なお、サービス名に関しては、昨今その境界が曖昧化しており、多くのサービスが”SNS”という表現で一括りにされることが多いため、一部独自の表現で記載している点をご了承ください。
検索エンジン
- 日本:Google, Yahoo(エンジンはGoogle), Bing
- 中国:百度, Bing, 搜狗
検索キーワードを入力すると、自然検索によるサイトと広告によるサイトが検索結果に表示され、右側にはディスプレイ広告が表示されるという構造は日本と中国で共通しています。
そのため、広告に関しては多少の差異はあるものの、機能や特徴はほぼ同じと言えます。

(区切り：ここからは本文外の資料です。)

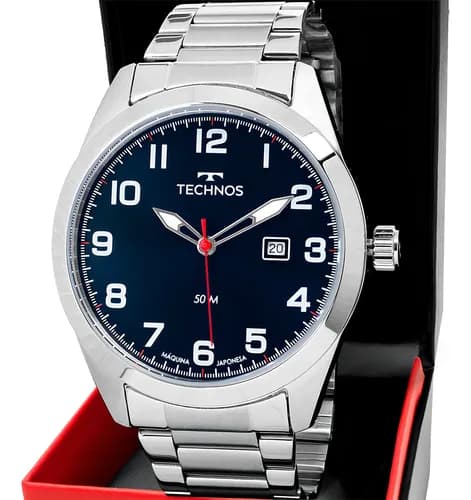 Relógio Technos Masculino Militar 2115TYN/1A Prata com Calendário por R$ 216,42 no Pix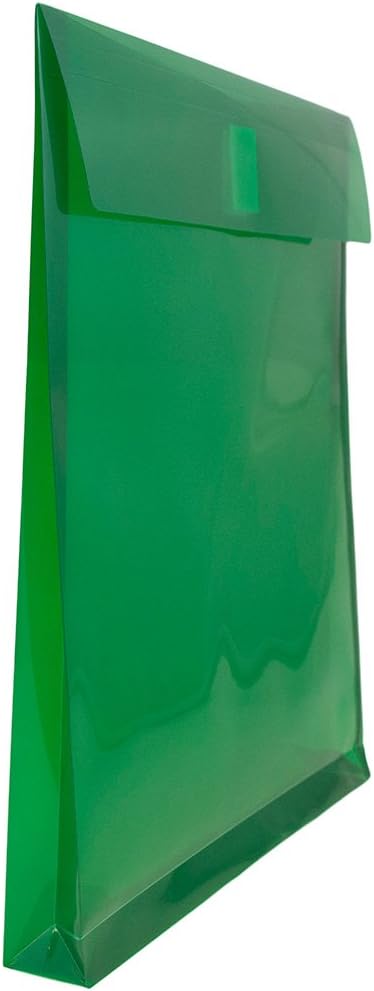 JAM PAPER Plastic Expansion Envelopes with Hook & Loop Closure - Letter Open End - 9 3/4 x 11 3/4 with 1 Inch Expansion - Green - 12/Pack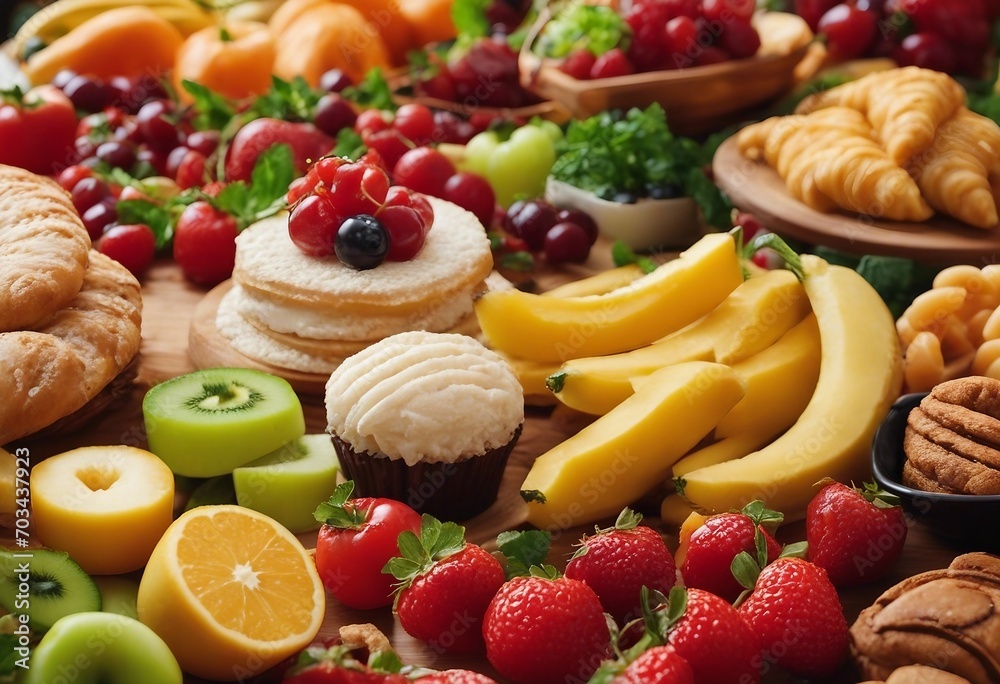 Healthy and unhealthy food background from fruits and vegetables vs fast food sweets and pastry top Healthy and unhealthy food background from fruits and vegetables vs fast food sweets and pastry top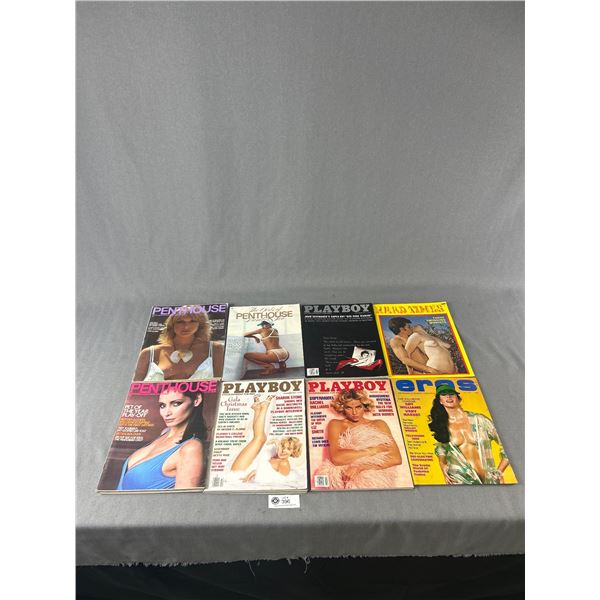 Lot Of 8 Playboy/Penthouse Etc Adult Magazines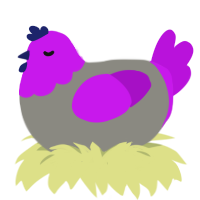 A ash and amethyst chicken with a head pattern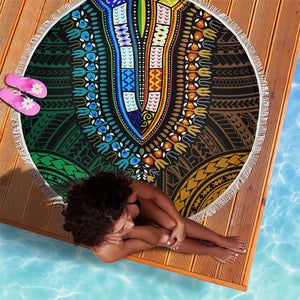 African Dashiki and Polynesian Pattern Beach Blanket Half Green-Gold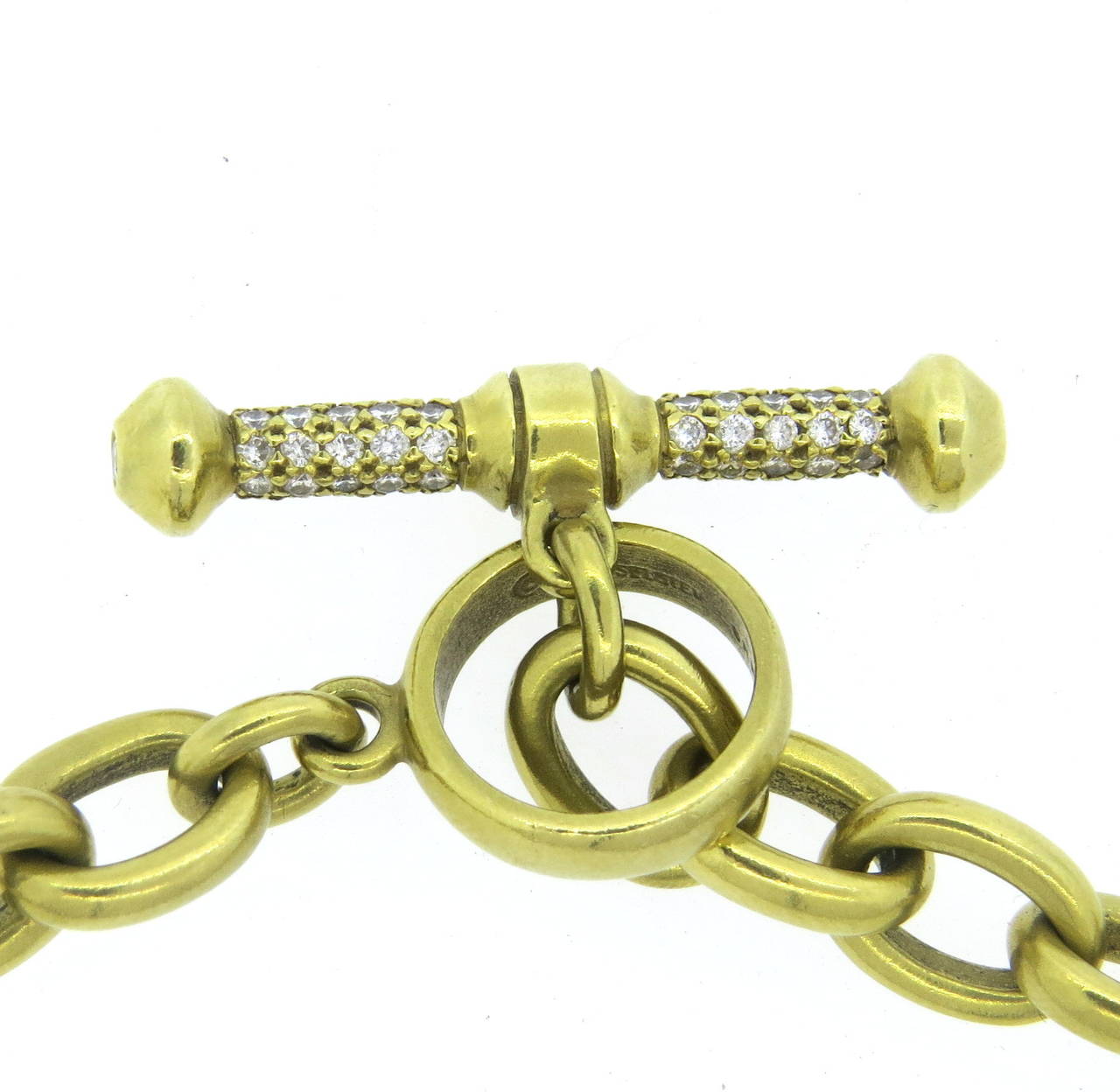 18k gold chain necklace by Barry Kieselstein-Cord, featuring diamond toggle closure. Necklace is 18 1/2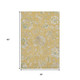 3' X 5' Gold And Silver Floral Washable Area Rug With UV Protection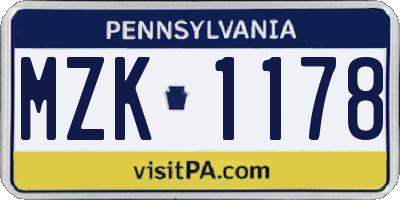 PA license plate MZK1178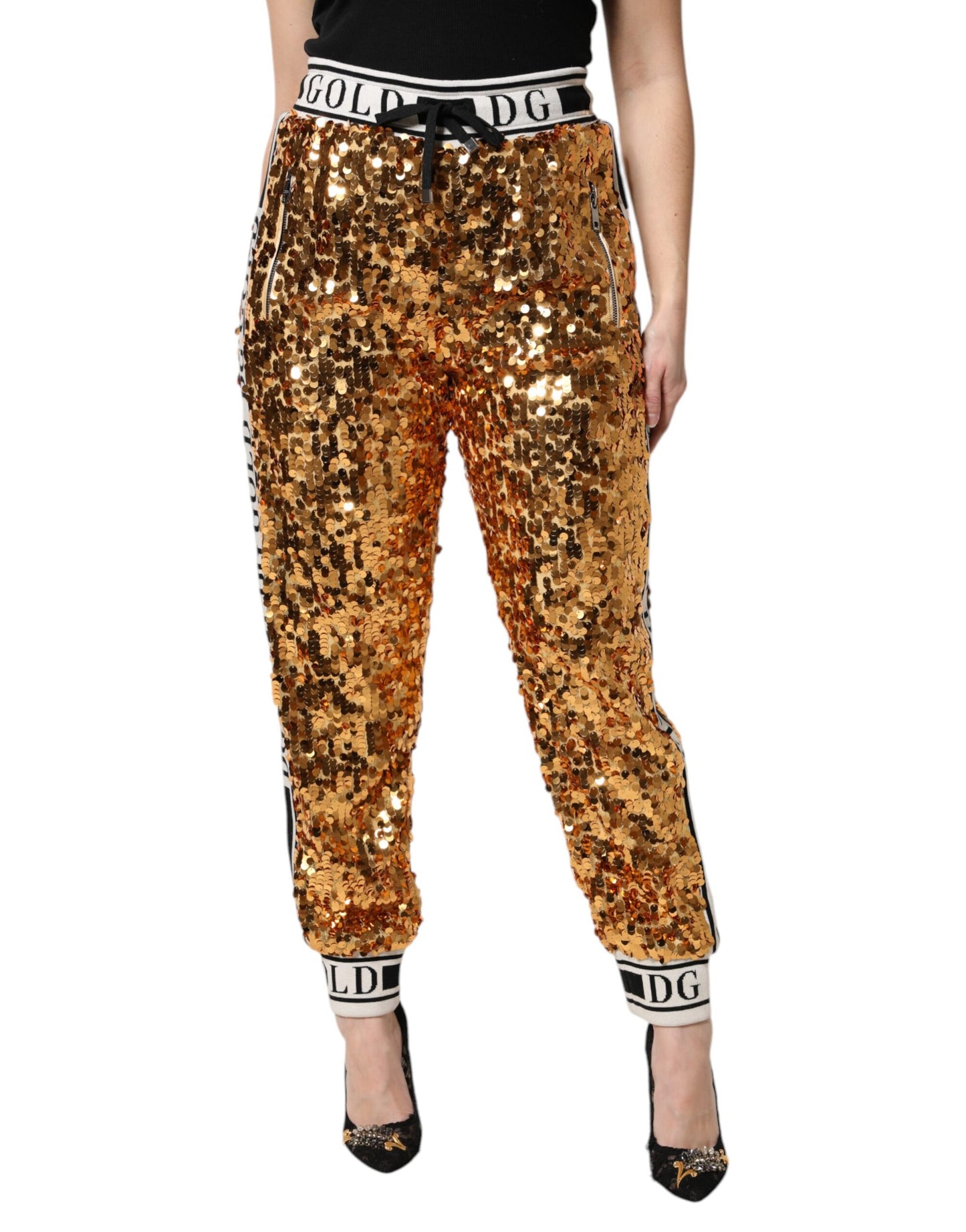 Pantalones jogger con lentejuelas y logotipo DG metálico dorado de Dolce & Gabbana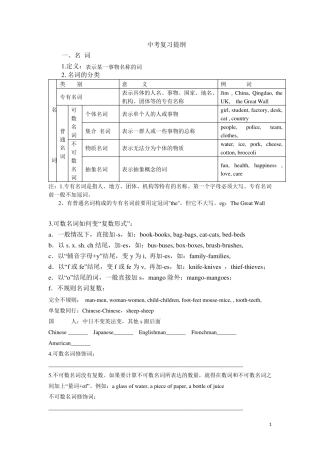 中考名词专项练习题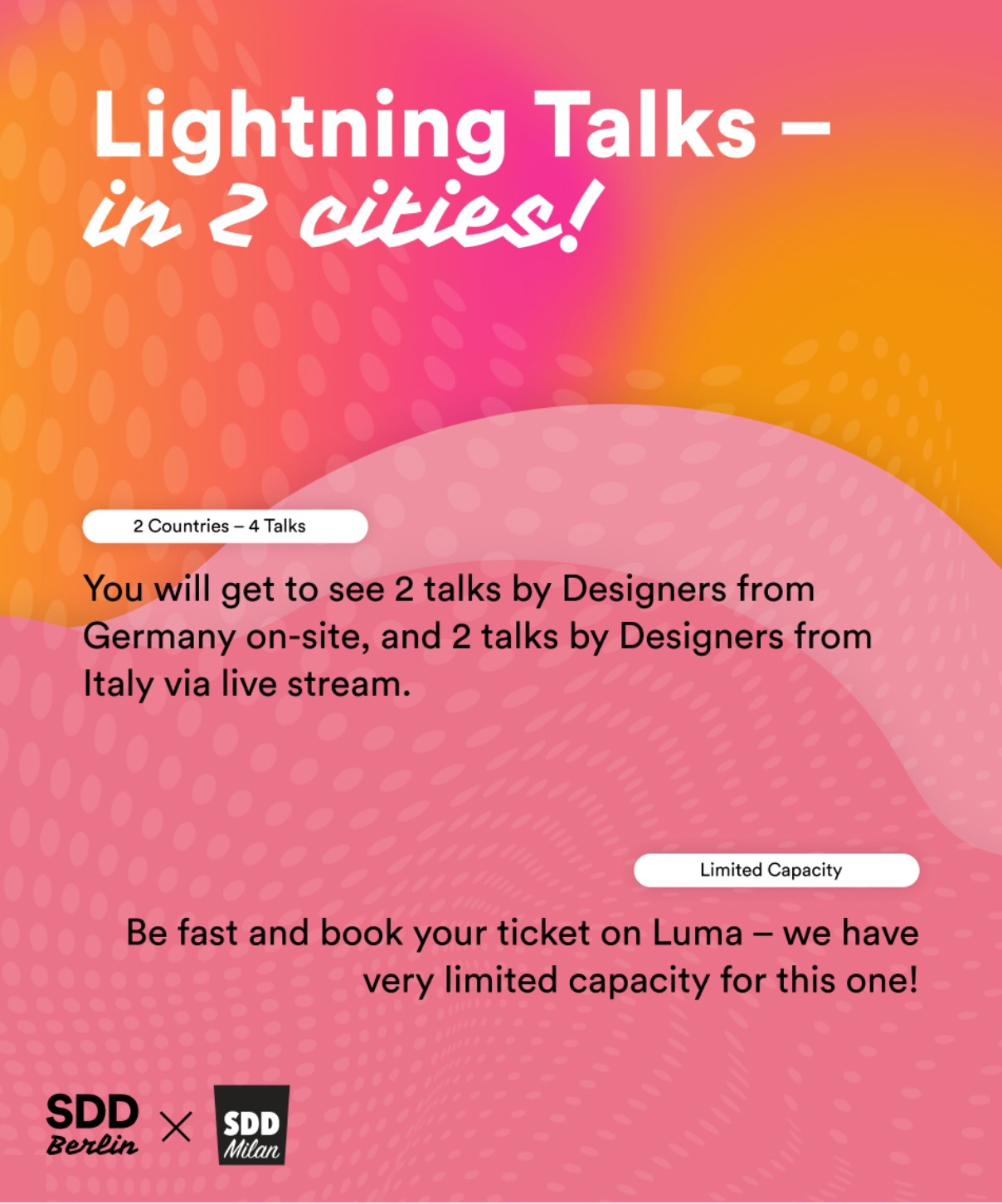 Our May edition is a special one, as we are running SDD in parallel in #Berlin and in #Milan! Our generous host for both locations is @wearejakala.
Everyone who attends the event will see two talks from Berlin-based designers, as well as two more talks from Milan-based Design professionals.
Get one of the last few tickets now, if you want to become one of our Berlin on-site guests to see 4 speakers, including Nitya Kumar, Riccardo Torta and many more.
@sddberlin X @sddmilan
Ticket Link in Bio.
#ServiceDesignDrinks #PublicServiceDesign #Berlin #sddberlin #CityLabBerlin #ServiceDesign #codesign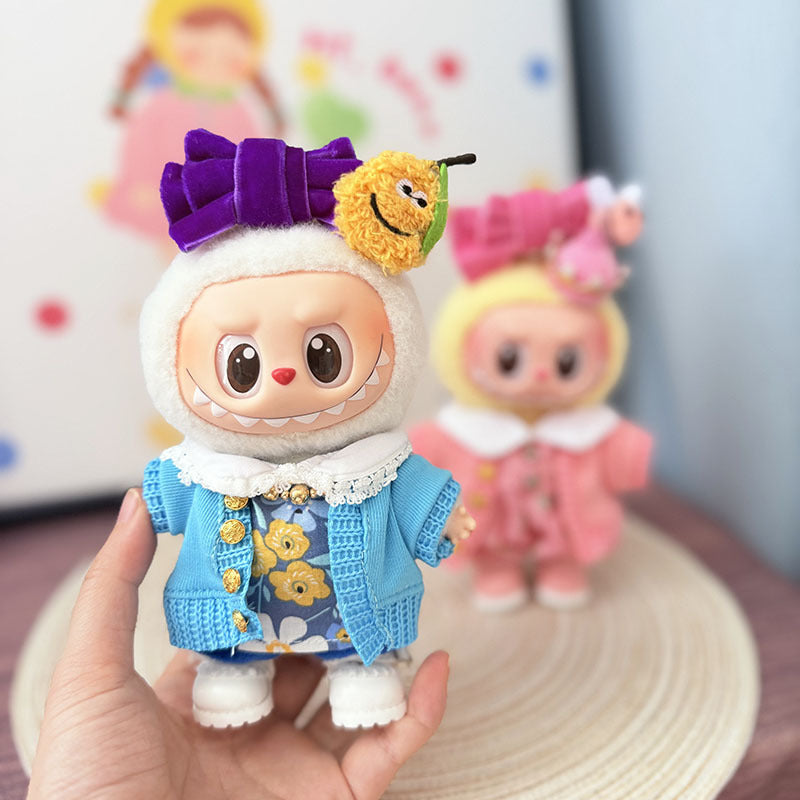 仅衣服] 一二代Labubu衣服挂件拉布布坐坐娃衣花团锦簇套装可爱女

BtoBマーケティングにおいてデジタル手段で見込み顧客を獲得する際の最有力手段は、日本と同様に検索広告と考えて間違いないでしょう。
唯一の違いとして挙げられるのは、日本ではYahooとGoogleが存在するものの、Googleが圧倒的なシェアを誇り、広告出稿の際にはGoogleが必須とされるのに対し、中国では百度、Bing、搜狗など複数の検索エンジンが存在し、いずれも圧倒的なシェアNo.1とは言えないため、「どれがマストか」を一概に決めることができない点です。その中でも百度は比較的シェアが高く、さらに便利なポータルサイトを併設していることを考慮すると、広告出稿においては百度を選ぶのが現実的な選択肢となるでしょう。
メッセンジャーアプリ
- 日本:LINE
- 中国:Wechat
つながった人とのコミュニケーションや、企業公式アカウントによる情報配信・サービス提供のプラットフォームという点では、WechatとLINEに共通点があります。しかし、Wechatではモーメンツと呼ばれるタイムライン機能が非常に普及しているのに対し、LINEでは同様の機能がほとんど普及していないという違いがあります。一方で、WechatにはLINEニュースのようなポータルサイト的な機能は存在しません。
Wechatは利用ユーザーが約14億人と非常に多いため、広告も広く展開されています。その中で、モーメンツに表示されるバナー広告がよく利用されていますが、これらは知り合いが投稿する情報(例:訪問した場所や食事内容など)の間に表示される仕組みであるため、衝動買いが起きにくいBtoB商材においては即購入や問い合わせ獲得の効果はほとんど期待できないと言えるでしょう。
一方で、以前は公式アカウントへのフォロワー獲得手段としてモーメンツ広告を活用することが推奨されていました。その理由は、1~2年前までは移動中に公式アカウントの記事を読むユーザーが多く、勉強熱心な見込み顧客に情報を提供して“信用ポイント”を高める手段として有効だったためです。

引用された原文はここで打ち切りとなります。